Frank Lemoine - (Goddard Space Flight Center)

  Brian Beckley
Stavros Melachroinos
Nikita Zelensky
(SGT, Inc.)
(SGT, Inc., Science Division )
(SGT, Inc.)
  Gary Mitchum
Tonie van Dam
Pascal Willis
Marek Ziebart
(University of South Florida, College of Marine Science)
(University of Luxembourg, Faculté des Sciences, de la Technologie et de la Communicati)
(Institut de Physique du Globe de Paris, Geophysique Spatiale et Planetaire)
(University College London, Civil, Environmental and Geomatic Engineering)

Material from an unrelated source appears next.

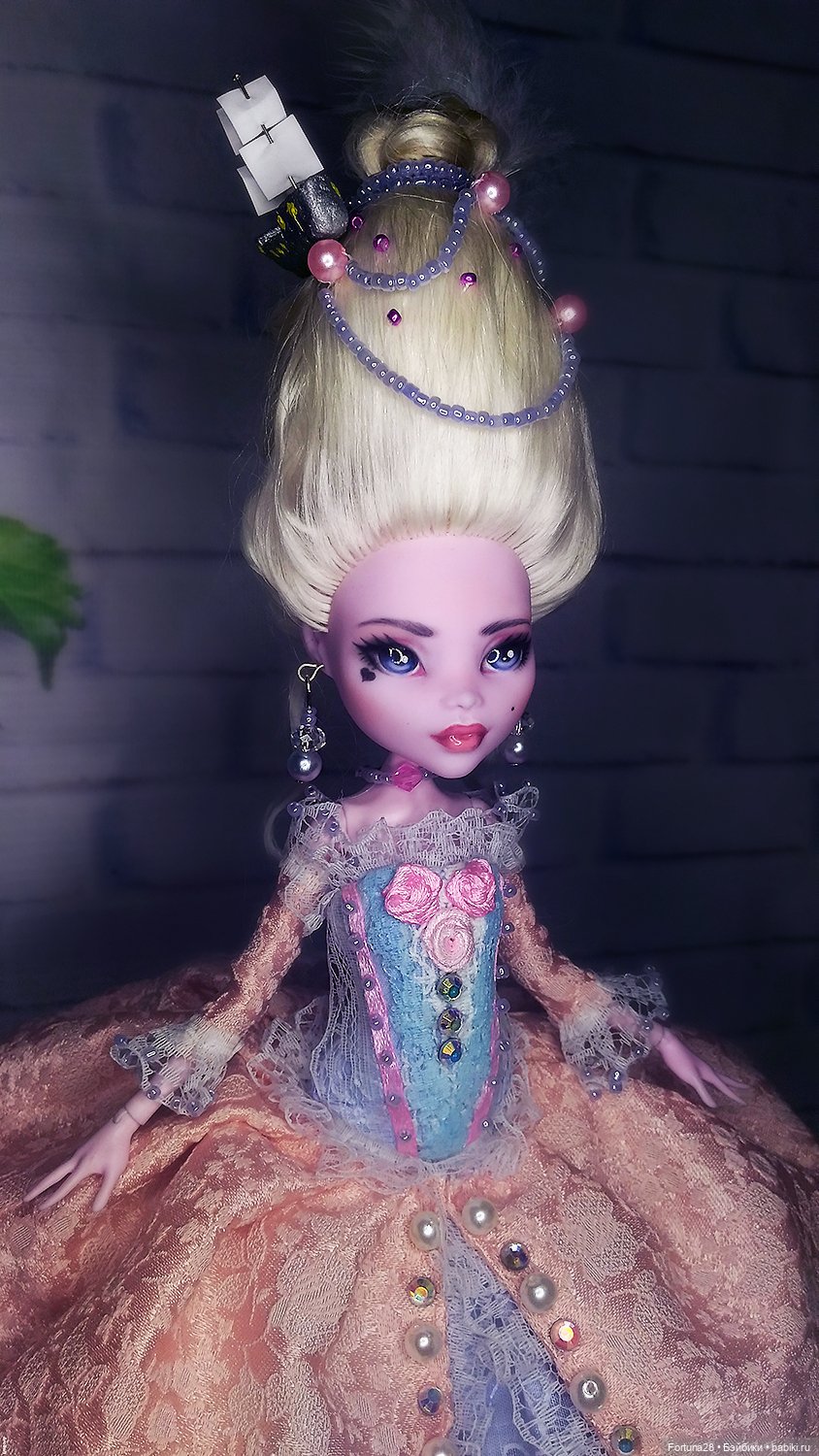 Мода времен - ООАК по мотивам Марии Антуанетты (фото 4)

The quality and the precision of the satellite orbit is a critical component of the OSTM mission and provides the central reference frame for the altimeter data. Over the 20-25 year time span that comprises the TOPEX/Poseidon, Jason-1, Jason-2 (OSTM), and Jason-3 missions, it is essential that the orbits be in a consistent and stable reference frame, calculated with a state of the art set of geophysical standards. By providing orbits of the highest accuracy and consistency possible, this investigation advances the OSTST goal of providing the best possible satellite-derived ocean surface topography data set. For this investigation we propose to

  1. investigate how to apply a consistent and sufficiently detailed model of time-variable gravity of the Earth across the TOPEX and Jason missions from 1992 to 2016;
  2. evaluate and characterize the error on the orbits and the altimeter data of the forward modeling of the Earth s center of mass motion, not presently included in the GDR-C or GDR-D standards;
  3. validate the performance of the tracking systems on Jason-3 by processing data from all tracking systems (SLR, DORIS, GPS and altimeter crossovers), and inter-compare the system performance with Jason-2 and Jason-1;
  4. produce a consistent set of orbits for Jason-2 & Jason-3 during the tandem phase to support the calibration of the altimeter;
  5. on an-ongoing basis validate the orbit POE s produced by the Jason-2 & Jason-3 missions for the project GDR's;
  6. test other force and measurement model improvements including : a) the application of next-generation satellite surface force models that reduce the impact of the non-conservative forces, b) updates to the tracking network terrestrial reference frame (TRF), with each new realization of the International Terrestrial Reference Frame;
  7. produce an updated set of orbits and geophysical standards based on the preceding analyses, and test their application not only on the Jason satellites and TOPEX, but also on Envisat/SENTINEL-3 and Cryosat-2.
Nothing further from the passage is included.